* _Problem to work on_
Output a verbatim copy of the data, cut off after the line that contains "金三塔真絲睡衣女100%桑蠶絲外穿涼感兩件套睡褲居家服七夕禮物 [熱薦]19姆米香妃色 L".

* _Data for this exercise_
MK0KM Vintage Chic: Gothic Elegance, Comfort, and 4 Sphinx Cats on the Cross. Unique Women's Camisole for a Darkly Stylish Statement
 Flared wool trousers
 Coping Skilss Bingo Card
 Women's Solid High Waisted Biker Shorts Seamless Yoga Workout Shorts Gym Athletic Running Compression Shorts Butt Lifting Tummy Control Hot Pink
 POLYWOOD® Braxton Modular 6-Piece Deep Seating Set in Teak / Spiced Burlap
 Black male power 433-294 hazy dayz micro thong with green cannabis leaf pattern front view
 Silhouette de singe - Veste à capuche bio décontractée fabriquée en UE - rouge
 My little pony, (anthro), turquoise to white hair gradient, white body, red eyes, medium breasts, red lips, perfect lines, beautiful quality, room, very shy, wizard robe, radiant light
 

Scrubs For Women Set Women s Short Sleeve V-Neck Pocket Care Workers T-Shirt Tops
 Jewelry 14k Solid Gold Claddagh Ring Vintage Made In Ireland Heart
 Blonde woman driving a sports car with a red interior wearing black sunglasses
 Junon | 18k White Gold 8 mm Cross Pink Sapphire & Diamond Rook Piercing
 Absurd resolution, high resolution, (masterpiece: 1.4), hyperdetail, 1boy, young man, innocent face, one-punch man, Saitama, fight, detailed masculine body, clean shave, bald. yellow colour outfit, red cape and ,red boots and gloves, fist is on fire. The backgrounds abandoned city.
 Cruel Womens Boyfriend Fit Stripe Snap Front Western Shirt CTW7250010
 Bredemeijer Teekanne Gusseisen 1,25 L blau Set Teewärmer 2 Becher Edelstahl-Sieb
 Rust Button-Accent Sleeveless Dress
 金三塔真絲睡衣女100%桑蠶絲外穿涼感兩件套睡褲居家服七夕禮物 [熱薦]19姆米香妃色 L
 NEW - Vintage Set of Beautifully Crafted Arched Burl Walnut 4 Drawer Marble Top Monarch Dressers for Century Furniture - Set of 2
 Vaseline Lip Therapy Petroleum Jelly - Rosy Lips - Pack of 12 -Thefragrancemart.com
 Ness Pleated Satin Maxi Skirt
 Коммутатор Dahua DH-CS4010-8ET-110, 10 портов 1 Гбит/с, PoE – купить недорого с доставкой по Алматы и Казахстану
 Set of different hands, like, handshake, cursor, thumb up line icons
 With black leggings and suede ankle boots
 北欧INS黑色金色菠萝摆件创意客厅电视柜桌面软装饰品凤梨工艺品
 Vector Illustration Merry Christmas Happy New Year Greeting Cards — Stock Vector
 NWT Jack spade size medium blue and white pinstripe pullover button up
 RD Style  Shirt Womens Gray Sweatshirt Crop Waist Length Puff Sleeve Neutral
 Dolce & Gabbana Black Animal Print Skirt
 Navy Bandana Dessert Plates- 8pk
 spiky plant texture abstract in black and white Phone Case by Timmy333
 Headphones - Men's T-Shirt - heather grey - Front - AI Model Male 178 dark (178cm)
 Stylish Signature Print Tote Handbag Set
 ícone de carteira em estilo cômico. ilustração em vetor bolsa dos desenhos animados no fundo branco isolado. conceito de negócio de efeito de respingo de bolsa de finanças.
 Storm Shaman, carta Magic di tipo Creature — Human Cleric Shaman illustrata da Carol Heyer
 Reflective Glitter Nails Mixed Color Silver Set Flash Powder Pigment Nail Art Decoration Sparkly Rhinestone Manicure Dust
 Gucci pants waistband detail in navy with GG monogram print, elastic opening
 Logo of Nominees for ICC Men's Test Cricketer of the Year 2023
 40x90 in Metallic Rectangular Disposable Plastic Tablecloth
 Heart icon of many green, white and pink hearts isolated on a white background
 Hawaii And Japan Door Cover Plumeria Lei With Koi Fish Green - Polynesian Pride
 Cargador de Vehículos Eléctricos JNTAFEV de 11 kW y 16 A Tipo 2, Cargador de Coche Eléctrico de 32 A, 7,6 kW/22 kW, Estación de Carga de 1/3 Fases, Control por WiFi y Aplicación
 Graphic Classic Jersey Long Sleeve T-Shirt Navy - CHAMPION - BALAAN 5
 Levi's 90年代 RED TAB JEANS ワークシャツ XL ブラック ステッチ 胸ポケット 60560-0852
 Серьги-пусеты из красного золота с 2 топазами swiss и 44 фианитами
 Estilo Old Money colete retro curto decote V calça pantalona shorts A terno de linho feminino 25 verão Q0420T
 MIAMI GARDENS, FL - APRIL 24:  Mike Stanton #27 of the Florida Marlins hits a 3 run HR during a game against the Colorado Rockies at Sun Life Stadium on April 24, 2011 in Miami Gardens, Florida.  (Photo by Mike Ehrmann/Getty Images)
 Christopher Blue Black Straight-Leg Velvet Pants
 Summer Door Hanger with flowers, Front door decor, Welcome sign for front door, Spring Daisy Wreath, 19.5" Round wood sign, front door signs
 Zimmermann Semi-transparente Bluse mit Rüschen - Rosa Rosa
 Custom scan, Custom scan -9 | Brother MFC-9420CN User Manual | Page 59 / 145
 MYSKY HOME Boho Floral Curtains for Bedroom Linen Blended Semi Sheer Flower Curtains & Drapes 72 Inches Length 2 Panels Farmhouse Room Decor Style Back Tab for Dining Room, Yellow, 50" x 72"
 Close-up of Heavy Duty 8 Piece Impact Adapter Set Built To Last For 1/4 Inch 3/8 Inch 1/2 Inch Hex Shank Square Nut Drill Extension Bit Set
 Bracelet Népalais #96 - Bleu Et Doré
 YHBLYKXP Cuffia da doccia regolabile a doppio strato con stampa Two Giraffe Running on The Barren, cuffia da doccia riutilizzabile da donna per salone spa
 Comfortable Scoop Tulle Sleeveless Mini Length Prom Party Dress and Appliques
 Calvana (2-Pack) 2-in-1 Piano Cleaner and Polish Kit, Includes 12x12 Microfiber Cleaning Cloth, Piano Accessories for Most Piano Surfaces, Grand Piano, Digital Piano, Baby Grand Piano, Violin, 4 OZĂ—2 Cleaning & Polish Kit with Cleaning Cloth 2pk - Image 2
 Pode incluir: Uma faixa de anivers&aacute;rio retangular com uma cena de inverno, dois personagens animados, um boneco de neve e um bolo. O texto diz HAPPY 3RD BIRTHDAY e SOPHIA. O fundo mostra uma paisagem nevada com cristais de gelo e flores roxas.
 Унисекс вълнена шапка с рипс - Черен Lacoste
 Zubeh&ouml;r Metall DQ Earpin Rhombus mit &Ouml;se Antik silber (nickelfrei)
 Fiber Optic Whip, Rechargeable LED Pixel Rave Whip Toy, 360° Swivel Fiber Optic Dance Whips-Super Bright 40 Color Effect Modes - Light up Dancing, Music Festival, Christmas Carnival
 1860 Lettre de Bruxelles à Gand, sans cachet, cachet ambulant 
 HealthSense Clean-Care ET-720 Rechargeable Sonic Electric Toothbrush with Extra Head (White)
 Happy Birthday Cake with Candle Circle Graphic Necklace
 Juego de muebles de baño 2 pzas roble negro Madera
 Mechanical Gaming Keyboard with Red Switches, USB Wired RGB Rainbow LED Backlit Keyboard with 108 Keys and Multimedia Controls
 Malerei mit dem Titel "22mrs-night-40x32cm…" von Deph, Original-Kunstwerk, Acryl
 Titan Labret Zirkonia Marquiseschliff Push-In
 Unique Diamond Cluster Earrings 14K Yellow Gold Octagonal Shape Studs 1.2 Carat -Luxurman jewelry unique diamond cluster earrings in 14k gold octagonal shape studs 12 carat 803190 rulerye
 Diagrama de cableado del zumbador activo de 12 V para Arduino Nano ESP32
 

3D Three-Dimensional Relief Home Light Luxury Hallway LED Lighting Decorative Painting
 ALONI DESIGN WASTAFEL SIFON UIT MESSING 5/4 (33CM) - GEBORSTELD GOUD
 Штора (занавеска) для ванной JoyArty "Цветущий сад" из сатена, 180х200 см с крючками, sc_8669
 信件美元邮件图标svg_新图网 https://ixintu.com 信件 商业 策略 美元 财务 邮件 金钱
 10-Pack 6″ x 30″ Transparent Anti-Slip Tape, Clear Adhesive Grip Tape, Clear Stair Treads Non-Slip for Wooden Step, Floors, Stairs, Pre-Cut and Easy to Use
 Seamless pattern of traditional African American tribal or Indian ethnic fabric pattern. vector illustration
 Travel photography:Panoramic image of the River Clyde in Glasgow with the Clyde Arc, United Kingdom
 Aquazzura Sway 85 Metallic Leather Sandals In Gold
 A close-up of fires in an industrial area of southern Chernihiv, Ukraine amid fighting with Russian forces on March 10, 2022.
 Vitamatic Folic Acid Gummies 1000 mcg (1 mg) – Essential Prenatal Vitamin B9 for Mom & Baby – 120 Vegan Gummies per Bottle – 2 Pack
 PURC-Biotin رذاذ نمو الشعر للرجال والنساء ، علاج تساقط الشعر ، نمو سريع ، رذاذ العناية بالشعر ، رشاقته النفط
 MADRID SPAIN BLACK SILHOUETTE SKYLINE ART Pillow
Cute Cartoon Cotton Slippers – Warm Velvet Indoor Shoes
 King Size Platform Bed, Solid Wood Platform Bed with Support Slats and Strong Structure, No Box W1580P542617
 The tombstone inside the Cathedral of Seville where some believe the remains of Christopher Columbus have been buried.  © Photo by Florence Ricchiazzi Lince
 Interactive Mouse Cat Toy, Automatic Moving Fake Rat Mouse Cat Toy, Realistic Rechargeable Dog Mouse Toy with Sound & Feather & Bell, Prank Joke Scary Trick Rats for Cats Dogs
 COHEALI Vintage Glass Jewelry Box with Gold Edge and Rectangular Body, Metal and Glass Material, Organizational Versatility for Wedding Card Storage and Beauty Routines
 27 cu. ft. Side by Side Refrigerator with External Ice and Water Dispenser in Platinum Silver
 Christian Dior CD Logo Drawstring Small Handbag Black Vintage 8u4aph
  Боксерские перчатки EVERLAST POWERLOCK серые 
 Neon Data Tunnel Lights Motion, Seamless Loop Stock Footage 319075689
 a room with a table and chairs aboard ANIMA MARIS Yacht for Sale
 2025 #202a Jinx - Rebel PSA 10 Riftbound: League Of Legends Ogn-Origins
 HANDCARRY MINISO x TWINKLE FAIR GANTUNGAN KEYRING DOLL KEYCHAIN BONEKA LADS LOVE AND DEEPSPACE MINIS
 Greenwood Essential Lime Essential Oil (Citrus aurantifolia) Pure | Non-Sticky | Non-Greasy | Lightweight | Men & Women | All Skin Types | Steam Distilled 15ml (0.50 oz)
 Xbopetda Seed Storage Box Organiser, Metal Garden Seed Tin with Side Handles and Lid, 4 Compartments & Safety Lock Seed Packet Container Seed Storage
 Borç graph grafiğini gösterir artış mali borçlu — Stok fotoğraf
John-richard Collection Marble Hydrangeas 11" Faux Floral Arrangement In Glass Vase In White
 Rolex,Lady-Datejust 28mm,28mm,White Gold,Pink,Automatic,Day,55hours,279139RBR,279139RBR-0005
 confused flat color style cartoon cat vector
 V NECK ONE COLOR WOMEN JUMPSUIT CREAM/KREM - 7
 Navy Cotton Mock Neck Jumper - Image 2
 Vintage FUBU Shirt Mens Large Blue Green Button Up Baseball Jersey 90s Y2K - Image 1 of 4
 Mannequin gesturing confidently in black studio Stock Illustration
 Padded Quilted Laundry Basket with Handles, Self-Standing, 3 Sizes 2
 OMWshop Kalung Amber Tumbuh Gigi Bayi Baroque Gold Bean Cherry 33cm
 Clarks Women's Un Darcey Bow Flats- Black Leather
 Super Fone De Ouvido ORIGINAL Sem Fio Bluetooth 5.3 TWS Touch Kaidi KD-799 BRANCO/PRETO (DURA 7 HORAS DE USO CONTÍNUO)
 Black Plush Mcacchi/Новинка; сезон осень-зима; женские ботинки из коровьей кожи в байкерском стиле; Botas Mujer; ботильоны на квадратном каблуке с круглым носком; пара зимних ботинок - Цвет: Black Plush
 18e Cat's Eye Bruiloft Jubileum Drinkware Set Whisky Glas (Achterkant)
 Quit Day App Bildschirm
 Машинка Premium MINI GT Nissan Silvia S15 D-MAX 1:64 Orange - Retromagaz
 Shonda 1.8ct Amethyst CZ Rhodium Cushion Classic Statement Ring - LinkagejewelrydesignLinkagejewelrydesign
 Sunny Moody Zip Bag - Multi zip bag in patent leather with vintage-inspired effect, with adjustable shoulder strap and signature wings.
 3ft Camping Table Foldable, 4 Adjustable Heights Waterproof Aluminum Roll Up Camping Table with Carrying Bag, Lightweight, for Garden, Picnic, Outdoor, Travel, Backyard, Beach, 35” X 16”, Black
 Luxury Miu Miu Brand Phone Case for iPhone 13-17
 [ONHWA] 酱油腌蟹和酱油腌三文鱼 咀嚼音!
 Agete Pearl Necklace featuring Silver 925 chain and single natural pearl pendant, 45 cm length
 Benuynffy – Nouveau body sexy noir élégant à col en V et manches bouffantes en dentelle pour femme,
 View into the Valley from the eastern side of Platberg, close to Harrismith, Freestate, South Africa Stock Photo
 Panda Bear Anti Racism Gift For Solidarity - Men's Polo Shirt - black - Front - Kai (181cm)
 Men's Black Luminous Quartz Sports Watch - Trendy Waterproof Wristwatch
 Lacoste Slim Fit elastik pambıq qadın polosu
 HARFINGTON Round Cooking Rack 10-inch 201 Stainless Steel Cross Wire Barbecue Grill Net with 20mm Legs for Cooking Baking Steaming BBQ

* _Response to this exercise_
MK0KM Vintage Chic: Gothic Elegance, Comfort, and 4 Sphinx Cats on the Cross. Unique Women's Camisole for a Darkly Stylish Statement
 Flared wool trousers
 Coping Skilss Bingo Card
 Women's Solid High Waisted Biker Shorts Seamless Yoga Workout Shorts Gym Athletic Running Compression Shorts Butt Lifting Tummy Control Hot Pink
 POLYWOOD® Braxton Modular 6-Piece Deep Seating Set in Teak / Spiced Burlap
 Black male power 433-294 hazy dayz micro thong with green cannabis leaf pattern front view
 Silhouette de singe - Veste à capuche bio décontractée fabriquée en UE - rouge
 My little pony, (anthro), turquoise to white hair gradient, white body, red eyes, medium breasts, red lips, perfect lines, beautiful quality, room, very shy, wizard robe, radiant light
 

Scrubs For Women Set Women s Short Sleeve V-Neck Pocket Care Workers T-Shirt Tops
 Jewelry 14k Solid Gold Claddagh Ring Vintage Made In Ireland Heart
 Blonde woman driving a sports car with a red interior wearing black sunglasses
 Junon | 18k White Gold 8 mm Cross Pink Sapphire & Diamond Rook Piercing
 Absurd resolution, high resolution, (masterpiece: 1.4), hyperdetail, 1boy, young man, innocent face, one-punch man, Saitama, fight, detailed masculine body, clean shave, bald. yellow colour outfit, red cape and ,red boots and gloves, fist is on fire. The backgrounds abandoned city.
 Cruel Womens Boyfriend Fit Stripe Snap Front Western Shirt CTW7250010
 Bredemeijer Teekanne Gusseisen 1,25 L blau Set Teewärmer 2 Becher Edelstahl-Sieb
 Rust Button-Accent Sleeveless Dress
 金三塔真絲睡衣女100%桑蠶絲外穿涼感兩件套睡褲居家服七夕禮物 [熱薦]19姆米香妃色 L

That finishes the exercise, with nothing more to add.